12:30 PM
Overcoming Barriers to Integrated Risk Management
Insurance is about managing risk across multiple risk types. In fact the insurance company's raison d'être is to accept structured uncertainty and manage the associated risks with the goal of capitalizing on these risk differences to satisfy customers' needs for protection and earn profits. However, in a market environment where competition, globalization, market volatility and structural change are increasing, insurance companies need to manage their risks and service even better and with greater transparency.
While risk management is an accepted priority, it also can become a very political endeavor, depending upon the culture and aggregate claims experience. The challenge is implementing an integrated approach that can be ingrained across the insurance organization and in customer risk management practices. Without a coordinated risk management strategy, organizations will continue to struggle with unsatisfactory policy iterations before risk-handling procedures and controls are efficiently aligned to stabilize productive relationships.
Insurance companies need to tackle three important barriers to ensure a successful, integrated risk management process within their underwriting practices:
1. Lack of Consistent Measurement Methodology
Underwriting risk measurement is complex, and no methodology will accurately capture the full picture for forecasting losses. This is further complicated by the lack of consistency across various institutions' approaches for reporting losses and settling claims. The more detailed, extensive — and yet flexible — the underlying loss control documentation, the more an insurance company can devise granular risk retention strategies based on informed insights into customer segmentation.

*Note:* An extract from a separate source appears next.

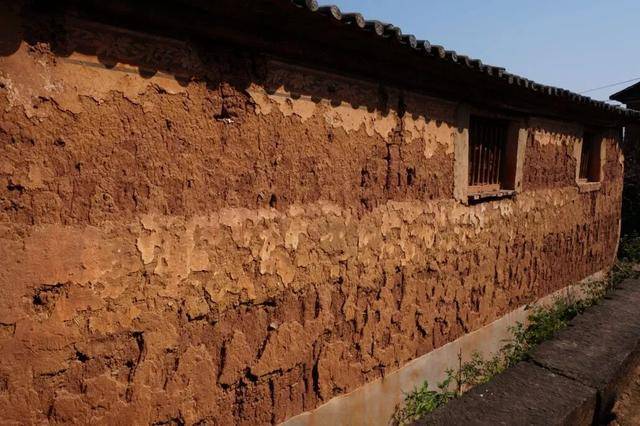 没人住的房子<strong></p>
<p>京东方a股票</strong>，为什么会“老”得特别快？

2. Hidden Information Gaps in the Quantification of Risk
To the extent that an institution has a good understanding of its portfolio risks and exposures -- where, what and how much -- it can be proactive in its underwriting strategy. However, such transparency is not easy to come by without significant investment in systems, analytics tools and sophisticated modeling techniques that can be applied at the customer relationship level. Frequently risk prevention measures are brought in after the event, in a reactive fashion. To what extent is the underwriting manager fully aware of the existing risks? Are business units still making decisions without coordinating and communicating exposures to the customer? These information gaps represent an unknown risk exposure, and the insurance company is not even in the position to decide how to mitigate these risks. This leads naturally to the next barrier ...

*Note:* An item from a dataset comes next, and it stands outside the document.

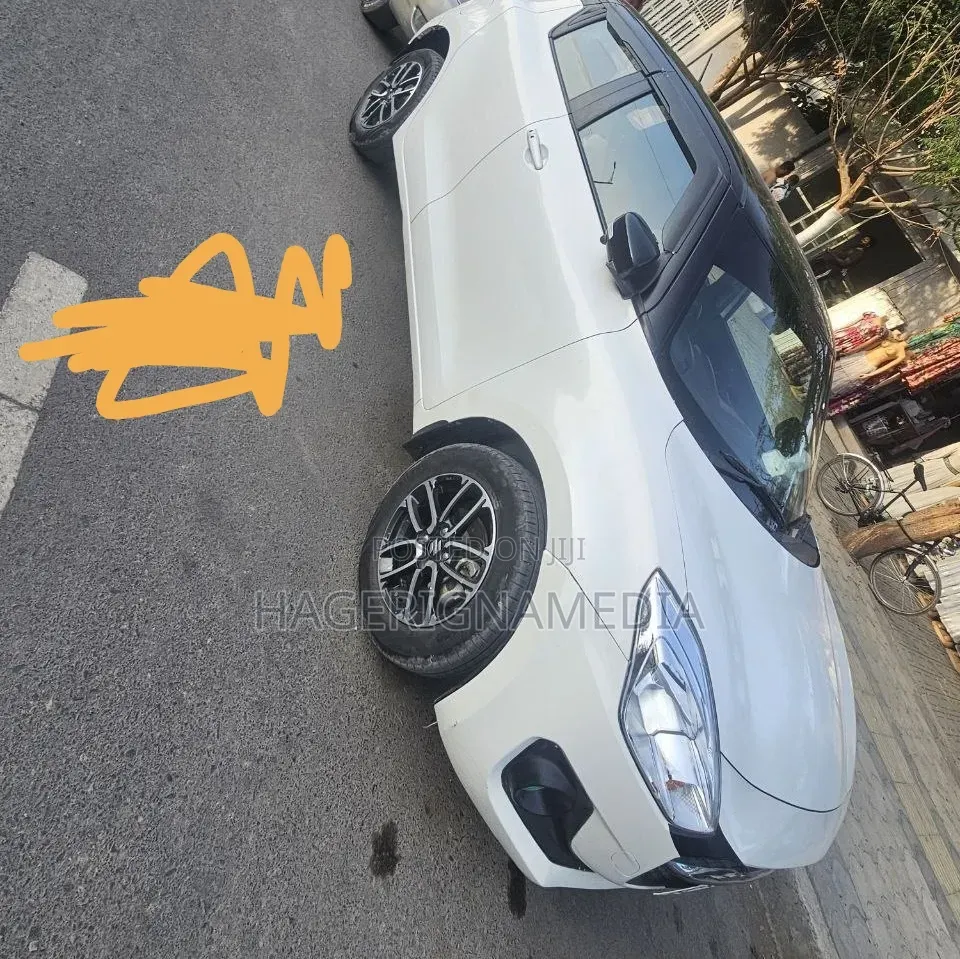 Suzuki Swift 2022 White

3. Lack of Integrated Risk Procedure Ownership
Active risk management is also about ensuring that the full organization identifies with and takes ownership of its own risk mitigation responsibilities. Underwriting cannot sit in its organizational silo and be disconnected from risk management decisions across the business. Pushing risk awareness and loss control procedures down into various functional roles will help establish a coordinated and proactive approach to risk management. In fact different functional roles are directly associated with certain types of risk, including operational risk. The greater their ability to communicate risk concerns, identify risk patterns and support the development of appropriate risk controls, the more effective risk management capabilities will be for profitable long-term customer relationships.
Business Intelligence: Mitigating Risk Through Greater Information Insights
In response to these issues, insurers have realized that one of their most valued and differentiated assets is information — which, when applied to address an important business decision, becomes business intelligence (BI).
Many leading insurers have incorporated BI as an integral part of their business strategies and are looking to move beyond historical reporting to a higher level of predictability and business insight. Their goal is to embed analytics into critical underwriting processes to more easily determine factors impacting the performance of products, reconfigure coverage based on risk and better manage pricing.
The timing of these new BI initiatives couldn't be better. The industry is still struggling to overcome the limitations of early generations of insurance systems, predominantly mainframe-based and homegrown systems that were designed to process transactions — not to transform data into actionable information for underwriting decision making in alignment with enterprise risk policy.
Thankfully, this is changing as BI products that let insurance managers take the pulse of their underwriting operations are becoming more widely adopted. Key capabilities include:
- Reporting and Analysis — providing up-to-the-minute answers to the "Why" behind an insurance company's underwriting performance, drawing upon any data source, both internal and external.
- Scorecards — letting insurers set warning indicators based on key underwriting performance metrics, such as limiting exposure in a certain geographic area, line of business or product.
- Dashboards — offering gauges, charts, maps and other graphic elements to translate complex information into a dynamic, at-a-glance view of business conditions.
In the end the market will separate winners from losers. Insurance carriers that make strategic investments in business insight — to improve business efficiencies, optimize underwriting practices, mitigate risk exposures accordingly, and grow and scale their businesses profitably — will be best positioned to prosper in the months and years ahead.